DATA FOR THIS EXERCISE:
————

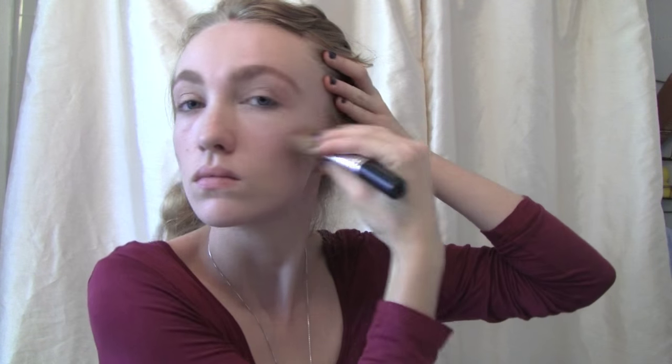Tap the bronzer on your cheekbones with your fingers, because god knows you're not afraid to get your hands dirty. Blend upwards for a light contour, not the full cape, followed by a silver highlight on the cheek and inner eye, which will complement your crown really nicely once you're officially coronated.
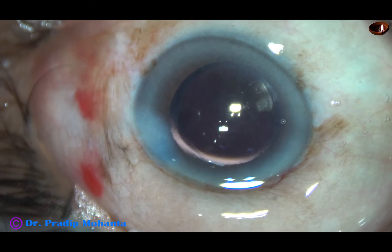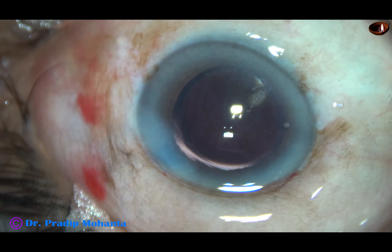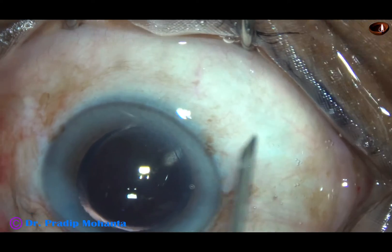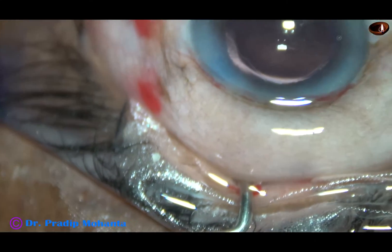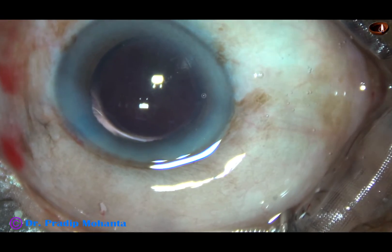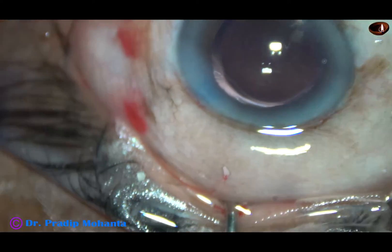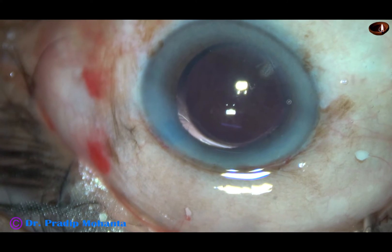One more thing has happened — there is conjunctival chemosis in this case. I am going to use an 18-gauge needle to make three punctures onto the chemosed conjunctiva to release the fluid. This is one puncture, this is another one about 180 degrees away, and this is another puncture about 90 degrees away. This fluid will drain out very quickly — we don't have to express out the fluid; it will come out in a few minutes.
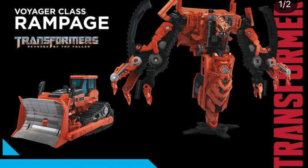Moving on we've got a Voyager class Rampage from Transformers Revenge of the Fallen. The original deluxe class Rampage from the Revenge of the Fallen line wasn't even in movie accurate colors — you had to get the Takara version for the red version, and nowadays those go for an exceptionally high price on eBay. This new figure looks great, the alt mode is really good and the robot mode is extremely accurate to the movie. I'm so glad Hasbro and Takara chose the Voyager class scale, especially considering it combines to form Devastator.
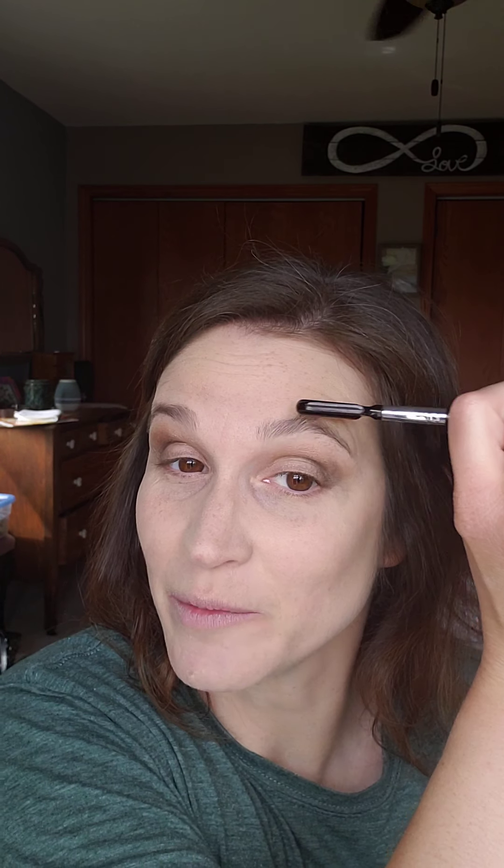Now we're going to set it with setting powder. I take my powder brush and generously apply setting powder to my face and neck. This sets my look to keep it looking good all day and prevents makeup from settling into fine lines and wrinkles. It's like a backup to the primer to keep your skin looking super great.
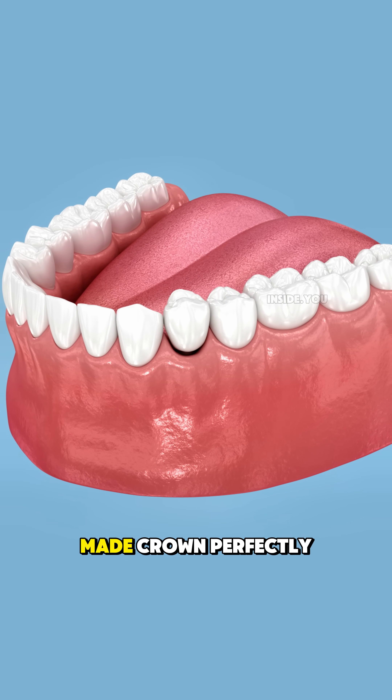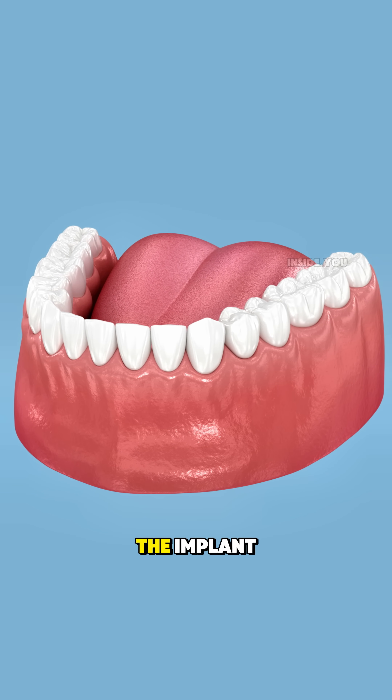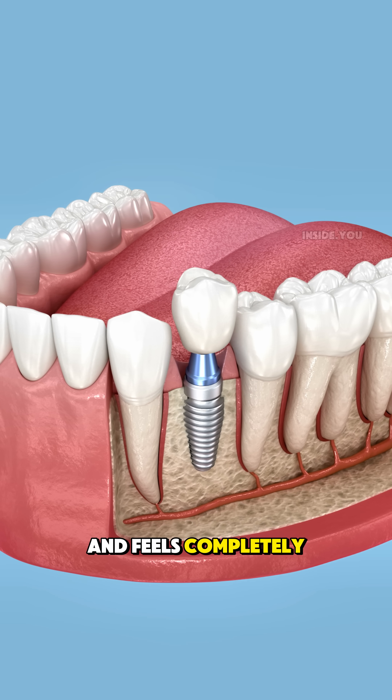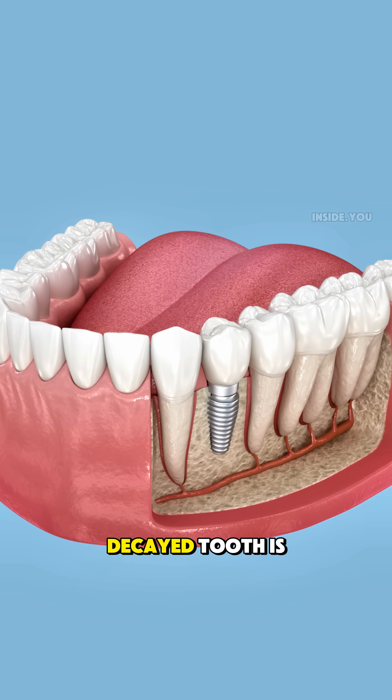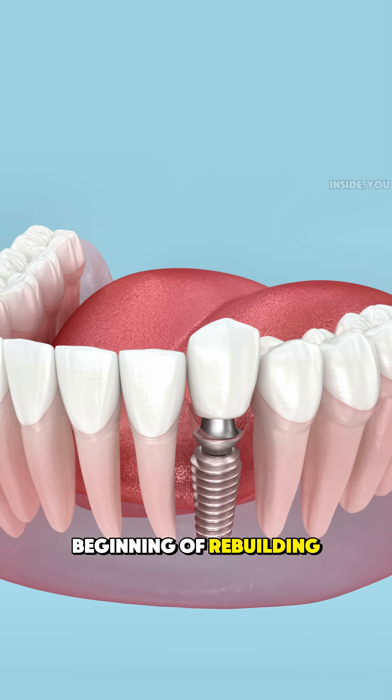Then, a custom-made crown, perfectly matching your other teeth, is attached to the implant. The result looks and feels completely natural. So when a decayed tooth is pulled out, it's not the end — it's the beginning of rebuilding your smile.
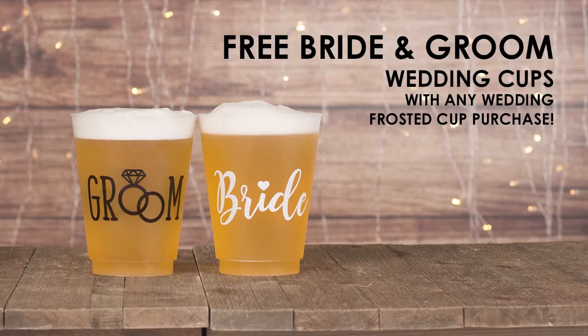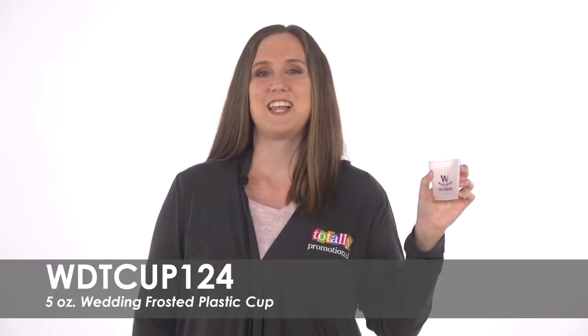To make your day even more special, you will receive free bride and groom wedding cups with your purchase. From morning mimosas to cocktail hour and beyond, these cups are sure to be a hit.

————

BRIEF: Exclude every picture, then reproduce the remaining data character for character.

TASK SOLUTION:
Tap the bronzer on your cheekbones with your fingers, because god knows you're not afraid to get your hands dirty. Blend upwards for a light contour, not the full cape, followed by a silver highlight on the cheek and inner eye, which will complement your crown really nicely once you're officially coronated.
One more thing has happened — there is conjunctival chemosis in this case. I am going to use an 18-gauge needle to make three punctures onto the chemosed conjunctiva to release the fluid. This is one puncture, this is another one about 180 degrees away, and this is another puncture about 90 degrees away. This fluid will drain out very quickly — we don't have to express out the fluid; it will come out in a few minutes.
Moving on we've got a Voyager class Rampage from Transformers Revenge of the Fallen. The original deluxe class Rampage from the Revenge of the Fallen line wasn't even in movie accurate colors — you had to get the Takara version for the red version, and nowadays those go for an exceptionally high price on eBay. This new figure looks great, the alt mode is really good and the robot mode is extremely accurate to the movie. I'm so glad Hasbro and Takara chose the Voyager class scale, especially considering it combines to form Devastator.
Now we're going to set it with setting powder. I take my powder brush and generously apply setting powder to my face and neck. This sets my look to keep it looking good all day and prevents makeup from settling into fine lines and wrinkles. It's like a backup to the primer to keep your skin looking super great.
Then, a custom-made crown, perfectly matching your other teeth, is attached to the implant. The result looks and feels completely natural. So when a decayed tooth is pulled out, it's not the end — it's the beginning of rebuilding your smile.
To make your day even more special, you will receive free bride and groom wedding cups with your purchase. From morning mimosas to cocktail hour and beyond, these cups are sure to be a hit.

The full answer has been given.